Plus: Oprah’s podcast sees ad success after signing with Midroll, getting new listeners with a “shareathon,” and the line between podcast fiction and podcast reality.

Editor’s note: Hot Pod is a weekly newsletter on the podcasting industry written by Nick Quah; we happily share it with Nieman Lab readers each Tuesday.

Welcome to Hot Pod, a newsletter about podcasts. This is issue 142, published November 28, 2017.

Longest Shortest Why. Andrea Silenzi, creator of Panoply cult favorite Why Oh Why, is moving to Midroll to take over as the new host of Hillary Frank’s beloved parenting podcast, The Longest Shortest Time. The change will kick in at the start of next year.

Frank has hosted The Longest Shortest Time since creating the show in 2010; it was housed in WNYC for a good stretch before moving over to Midroll in late 2015. (Following a later Midroll brand reorganization, The Longest Shortest Time would eventually be categorized under the Stitcher banner.) With Silenzi taking over hosting duties, Frank will move on to a new role as the show’s executive producer, where she will continue to work on the production and provide strategic guidance.

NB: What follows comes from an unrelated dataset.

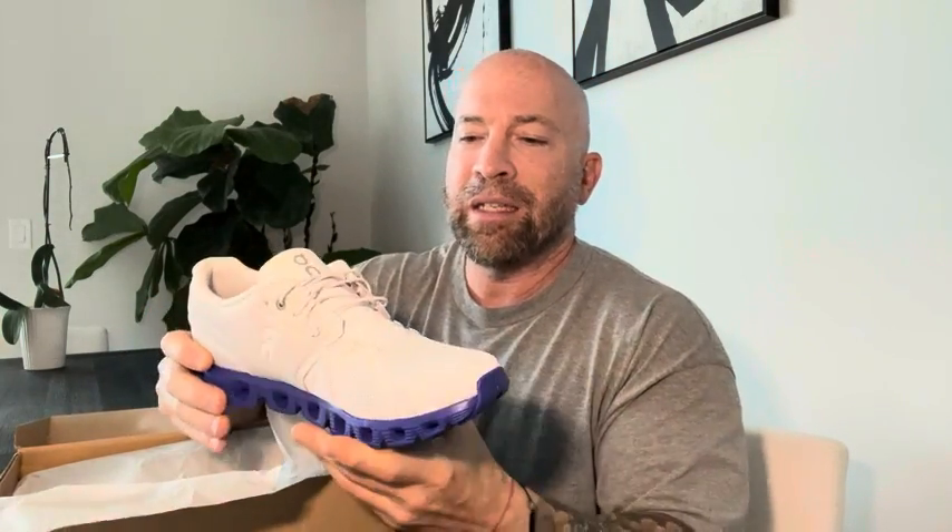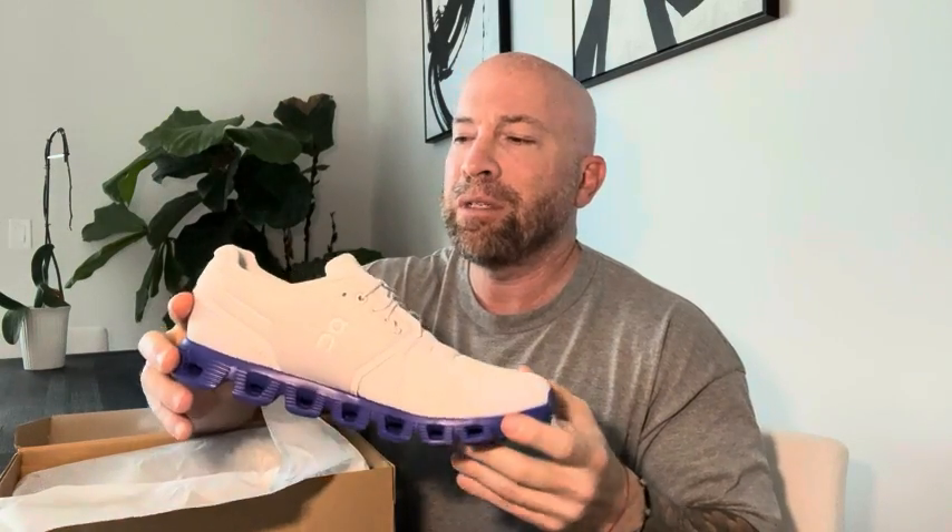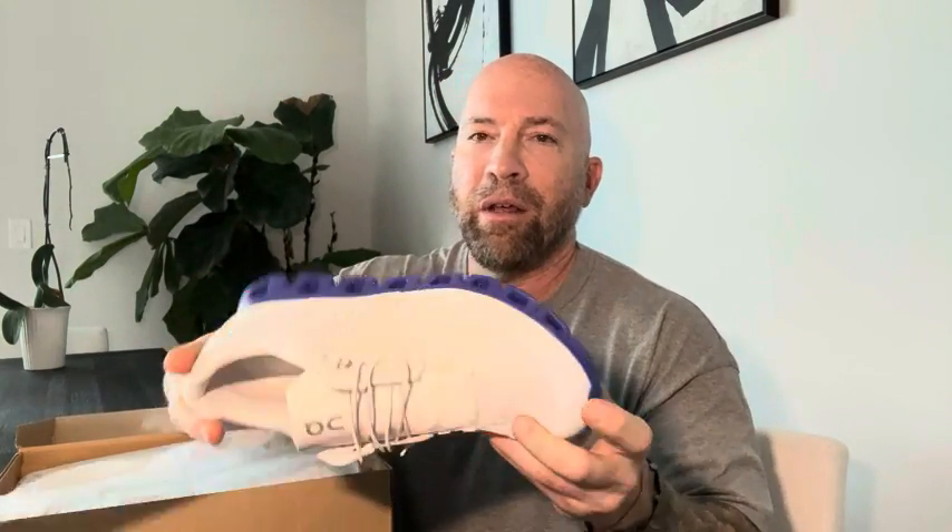I love the laces. It slips on, it's snug. I run with them, I go to the gym in them. I think I might save these to do a little bit more casual and keep them as clean as possible. I really like this color. So if you're looking for On Cloud, these things are amazing.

This development is the culmination of a long-running creative relationship between Frank and Silenzi. “So much of my work is influenced by Hillary Frank it’s embarrassing,” Silenzi said. “When I created my first online audio portfolio, there’s a telling hand-drawn tomato in the corner. Little plagiarist! After relaunching Why Oh Why with Panoply last year, I was given the incredible opportunity to hire Hillary as our show’s editor. Working with her to host Longest Shortest Time next year feels like the next logical step in our creative collaborations. I can’t wait to hear what we’ll make together.”

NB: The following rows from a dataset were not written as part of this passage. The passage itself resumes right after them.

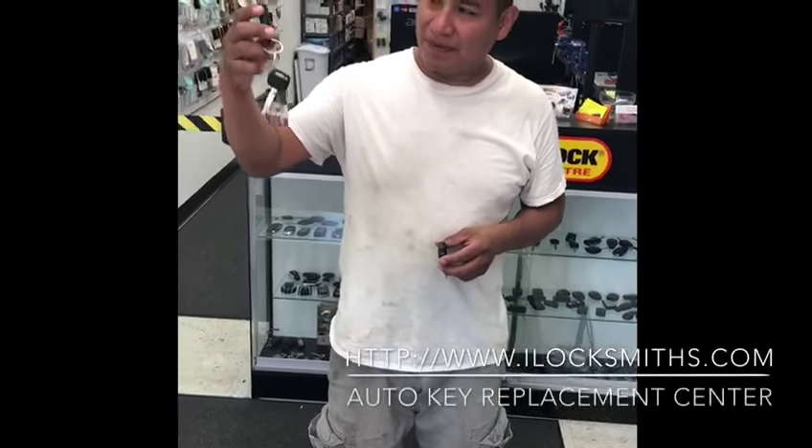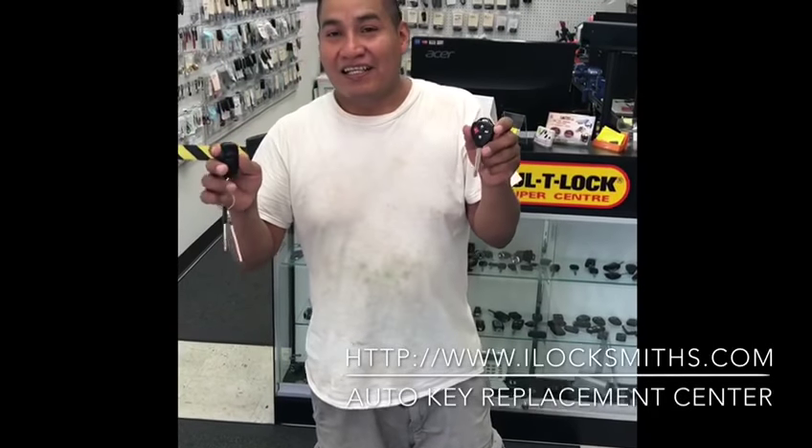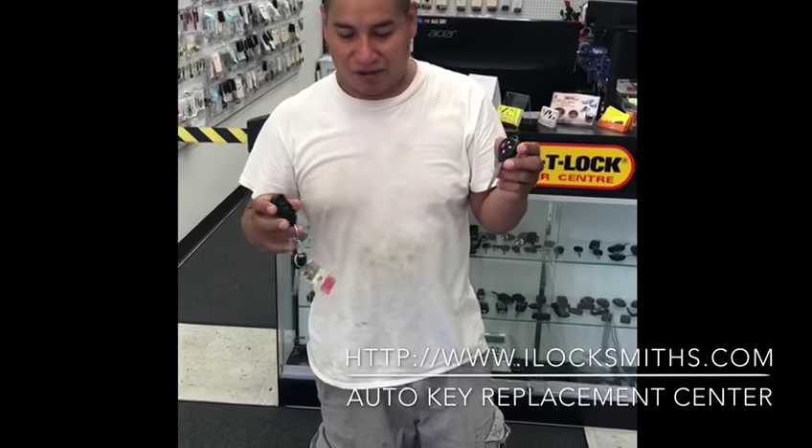They made this key from the Toyota Scion 2006 and turned it into this small key — it has the key and the remote at the same time. We did it here in Coney Island, 1742 Coney Island Avenue. This man could do it and turned it into this key. Thank you very much.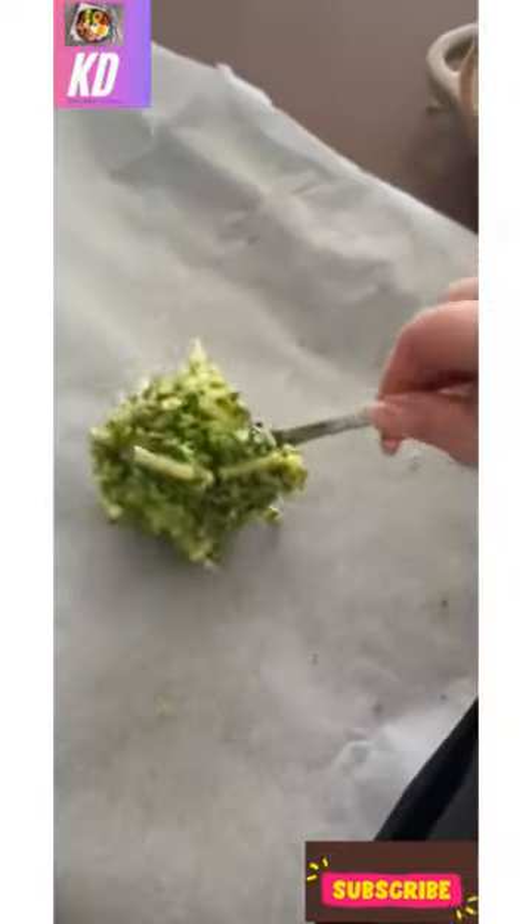Once combined and it has a consistency kind of like a cake batter, you can spoon the pizza base onto a tray. I like to make two small pizzas per broccoli mix.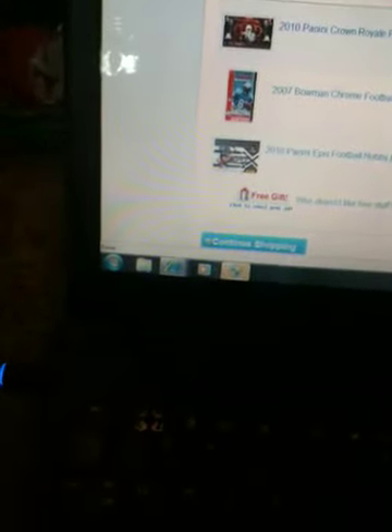Hey, what's up YouTube? So you may know, I took part in Tbaneg6's group break, and I'm doing his new one, which is six boxes, so I suggest you all do it — his new YouTube side break hobby boxes.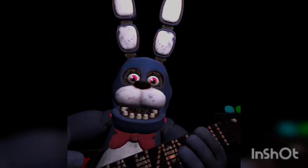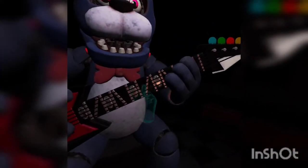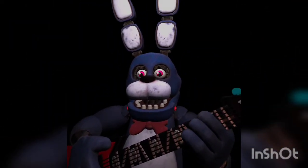Welcome back to Parts and Service. Oh no, it looks like Bonnie's guitar is out of tune and must be recalibrated. First, we must access his harmonization module located inside his secondary throat pipe.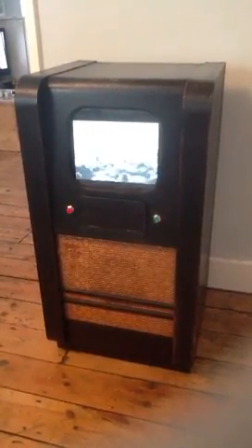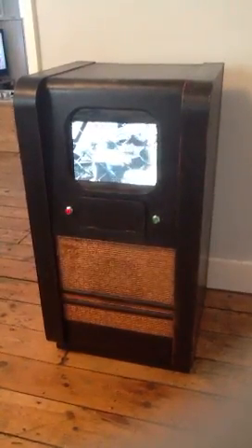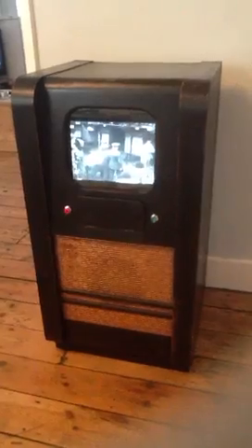But there we go, it's looking good and I'm really pleased with it. As I said before I'll fetch it up the club when I get a moment when it's properly finished. Ok, see you all soon.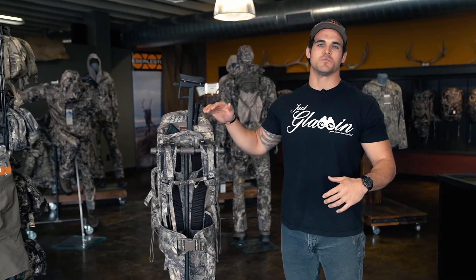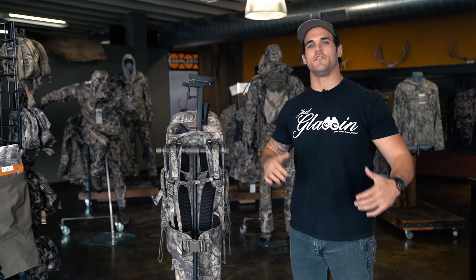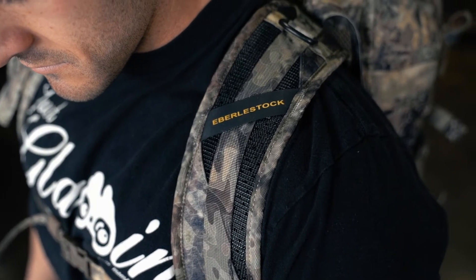Like most Everly Stock packs, the X1 Euro features an adjustable shoulder harness which allows you to fit the pack to your body based on the adventure that you're on.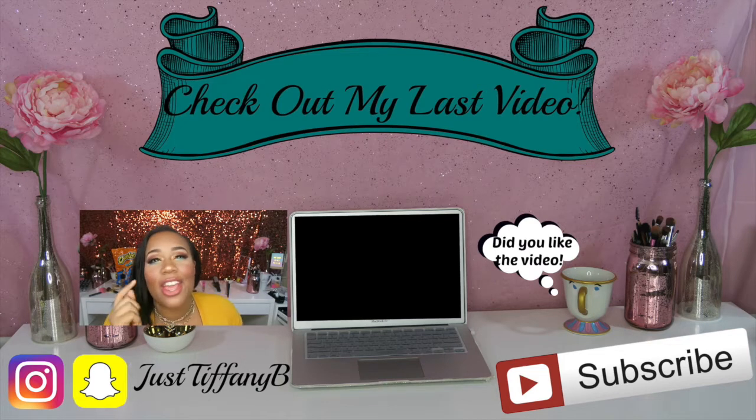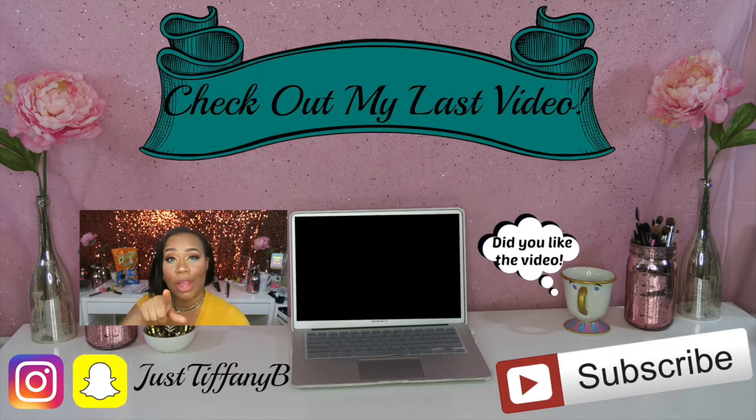Thank you so much for watching! Let me know what you think — did you purchase any of these yourself? Let's chat in the comments below. You already subscribed and hit that bell, right? I think you did. I'll see you guys later — sorry for the dog barking in the background! Also, if you like my eye look, go ahead and watch my Jaclyn Hill eyeshadow tutorial — just click my last uploaded video, comment, like, subscribe. See you later, bye!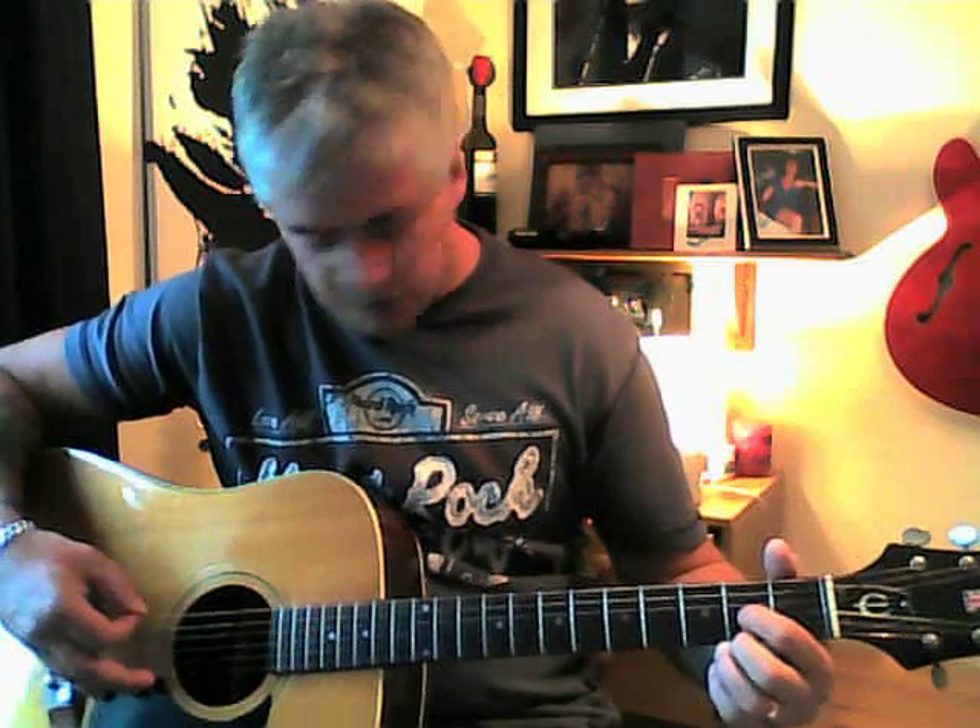Obviously you can start off with an open E, and all you're doing is actually playing the first and the second strings. You're not playing any other strings, just the first and the third string.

For Frank, the move also provides an opportunity to take on a broader view of her work with the show. “In our new roles, we’ll have the chance to invigorate the show with stories and questions and experiences that I’ve already been through, but are fresh and new for her,” she said. “This move will allow me to do many of the things I love — big-picture vision stuff, editing Andrea — and will add room for developing other projects, some that are already in motion (LST’s Weird Parenting Wins book) and some that I’m looking into. I’m really excited about the possibilities ahead and I’ll be sharing more on all of that down the road.”

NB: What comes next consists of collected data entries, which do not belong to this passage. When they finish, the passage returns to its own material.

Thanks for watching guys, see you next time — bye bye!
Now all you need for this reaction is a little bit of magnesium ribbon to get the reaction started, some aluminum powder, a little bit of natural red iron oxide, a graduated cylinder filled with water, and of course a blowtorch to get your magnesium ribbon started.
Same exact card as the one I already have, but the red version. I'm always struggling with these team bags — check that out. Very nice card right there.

What happens to Why Oh Why remains unclear. Silenzi first started the show as an independent project prior her to time working at The Slate Group (where she first served as the originating producer for The Gist), and Why Oh Why was formally brought into the Panoply network only last fall. Will Midroll eventually move to acquire the show, or will the podcast stay where it is? “You’ll have to ask Panoply,” replied a Midroll spokesperson. Silenzi declined to provide much clarity on her current employer. “I can only speak for myself, not the plans of Stitcher or Panoply, but even though ‘taking a break’ typically means ‘breaking up’ in relationship-speak, I can completely see myself getting back together with Why Oh Why in the future.”

“After 3.5+ years with The Slate Group, I couldn’t be leaving on better terms with Panoply,” she added. Silenzi will see out the rest of Why Oh Why’s run through the end of the year.

Another thing to consider: Silenzi’s appointment marks a pretty experimental turn for the show. Can The Longest Shortest Time, an affectingly personal parenting podcast, be effectively hosted by someone who isn’t actually a parent? As a childless twenty-something who consumes an inordinate amount of parenting content, I’m especially curious to see how this turns out.

I asked Midroll for more insight into their angle on this whole business. Chris Bannon, the company’s chief content officer, offered: “I’ve loved working with Hillary ever since she landed at WNYC, and one of my greatest pleasures has been watching her enlarge her conception of both the show and her role. With Andrea’s arrival as host, Hillary has a huge opportunity to grow LST (Andrea is a superb reporter and host, and she’ll bring in a bunch of new listeners, I’m betting). Everybody wins, Nick!”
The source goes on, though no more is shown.